I was thinking last night about Peter Pettigrew and why he would have been sorted into Gryffindor. According to Pottermore, he was a hatstall, with the hat deliberating over whether to put him in Gryffindor or Slytherin for over five minutes: “The Sorting Hat, which is infamously stubborn, still refuses to accept that its decision in the case of [Pettigrew] may have been erroneous, citing the manner in which Pettigrew died as (dubious) evidence” (link). Dubious evidence indeed, since his “heroic” death was faked after he betrayed the Potters!

Pettigrew is far from brave. In fact, almost all of his actions are motivated by one thing: fear. No one is constantly fearless, but giving in to fear in the way that he does hardly seems like a Gryffindor trait. So why would he have been a Gryffindor?

On the other hand, why would he be a Slytherin? He’s not particularly ambitious or cunning. When he does play a part in complicated schemes, he’s usually following Voldemort’s orders rather than coming up with the plan on his own. There are Slytherin characters, like Crabbe and Goyle, who have a lot in common with Pettigrew, but they hardly seem to belong there any more than he does in Gryffindor.

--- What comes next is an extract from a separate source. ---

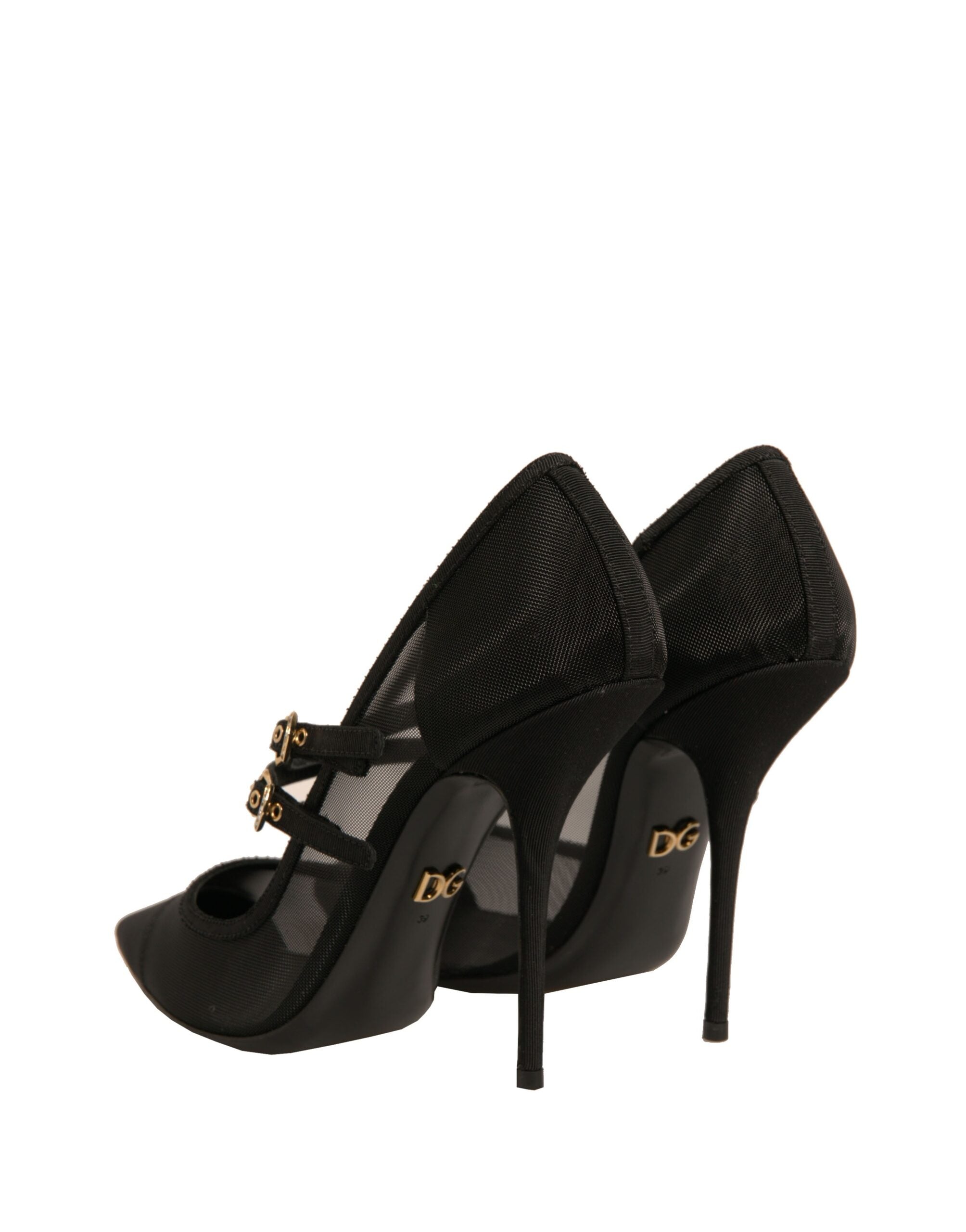 Dolce & Gabbana Black Mesh Mary Jane High Heels Pumps Shoes LUNESCAPE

In a way, he’s the opposite of characters like Harry and Hermione, who would do well in more than one house. Pettigrew doesn’t have the strengths of any house. So I think he must have preferred Gryffindor and wanted to be brave. He was certainly drawn toward Gryffindors as friends, and probably admired their courage even if he didn’t have much himself. Likewise, Crabbe and Goyle – who lack the Slytherin characteristics of ambition or cunning, but show none of the other houses’ traits either – come from families that are usually in Slytherin and share the founder’s prejudice against muggle-borns. They would undoubtedly have preferred Slytherin, and that must be enough to skew the process.

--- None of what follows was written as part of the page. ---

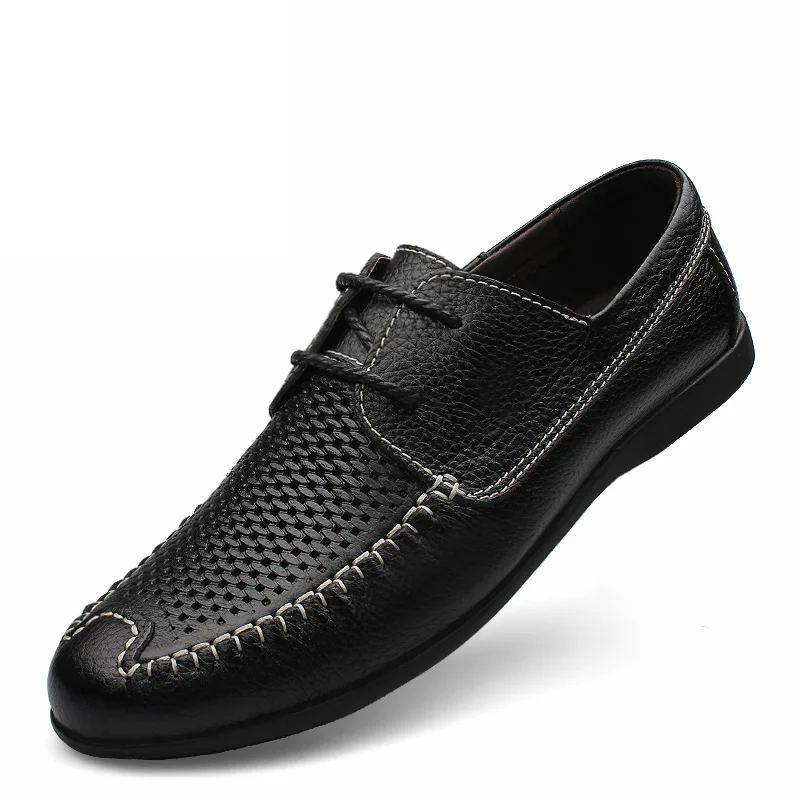 

Dropshipping Men Genuine Leather Casual Shoes outdoor Lace Up Fashion Male Shoes Leisure handmade sewing Comfortable Shoes L5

There are very rare cases where the hat shouts out a house the moment it touches a child’s head, but most are not a perfect fit for the house where they end up. Hermione was likely placed in Gryffindor rather than Ravenclaw because, despite being both courageous and intelligent, she had read about the houses and knew she wanted Gryffindor. Harry certainly ended up there because he asked not to be a Slytherin. For characters who have the traits of two houses, the hat takes their preferences into account. It makes sense that the same would hold true of characters who don’t have the qualities of any house. It would then be based entirely on what they value or admire, rather than the qualities they possess.